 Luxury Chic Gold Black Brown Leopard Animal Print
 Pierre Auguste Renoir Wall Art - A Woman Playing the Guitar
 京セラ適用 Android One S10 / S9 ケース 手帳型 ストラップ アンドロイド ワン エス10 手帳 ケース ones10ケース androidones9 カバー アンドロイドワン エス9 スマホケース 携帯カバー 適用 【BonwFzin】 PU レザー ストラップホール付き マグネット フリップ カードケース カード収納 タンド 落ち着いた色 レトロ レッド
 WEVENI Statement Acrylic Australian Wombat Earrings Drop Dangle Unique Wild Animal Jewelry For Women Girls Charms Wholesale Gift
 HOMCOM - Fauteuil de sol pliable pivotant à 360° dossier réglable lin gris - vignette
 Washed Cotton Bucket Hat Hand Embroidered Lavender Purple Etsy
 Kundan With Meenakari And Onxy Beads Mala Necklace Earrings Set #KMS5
* * *
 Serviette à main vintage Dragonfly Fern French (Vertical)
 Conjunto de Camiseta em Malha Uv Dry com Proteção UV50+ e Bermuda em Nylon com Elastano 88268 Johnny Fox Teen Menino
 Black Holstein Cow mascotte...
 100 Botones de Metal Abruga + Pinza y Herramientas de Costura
---
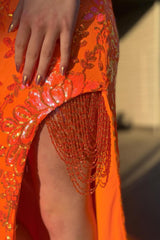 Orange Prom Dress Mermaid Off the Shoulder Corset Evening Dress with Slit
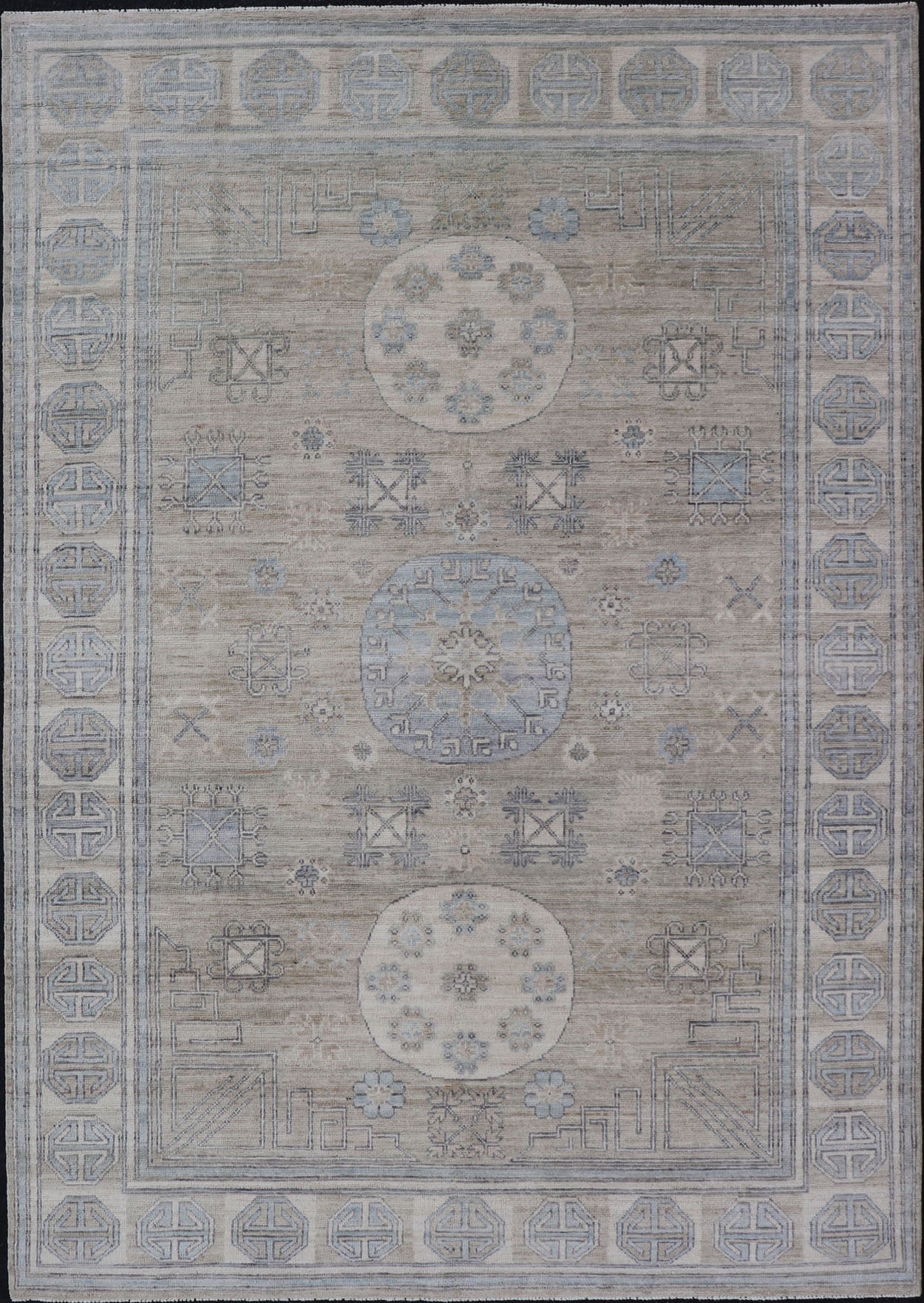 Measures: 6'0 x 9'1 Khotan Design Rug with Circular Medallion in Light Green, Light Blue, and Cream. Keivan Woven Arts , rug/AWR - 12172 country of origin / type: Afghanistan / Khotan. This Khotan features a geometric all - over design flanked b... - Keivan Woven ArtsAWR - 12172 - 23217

TASK PROMPT: All that is needed is the exact run of lines above from the line containing "Luxury Chic Gold" through the line containing "Kundan With Meenakari", both of them included.

SOLUTION BELOW:
 Luxury Chic Gold Black Brown Leopard Animal Print
 Pierre Auguste Renoir Wall Art - A Woman Playing the Guitar
 京セラ適用 Android One S10 / S9 ケース 手帳型 ストラップ アンドロイド ワン エス10 手帳 ケース ones10ケース androidones9 カバー アンドロイドワン エス9 スマホケース 携帯カバー 適用 【BonwFzin】 PU レザー ストラップホール付き マグネット フリップ カードケース カード収納 タンド 落ち着いた色 レトロ レッド
 WEVENI Statement Acrylic Australian Wombat Earrings Drop Dangle Unique Wild Animal Jewelry For Women Girls Charms Wholesale Gift
 HOMCOM - Fauteuil de sol pliable pivotant à 360° dossier réglable lin gris - vignette
 Washed Cotton Bucket Hat Hand Embroidered Lavender Purple Etsy
 Kundan With Meenakari And Onxy Beads Mala Necklace Earrings Set #KMS5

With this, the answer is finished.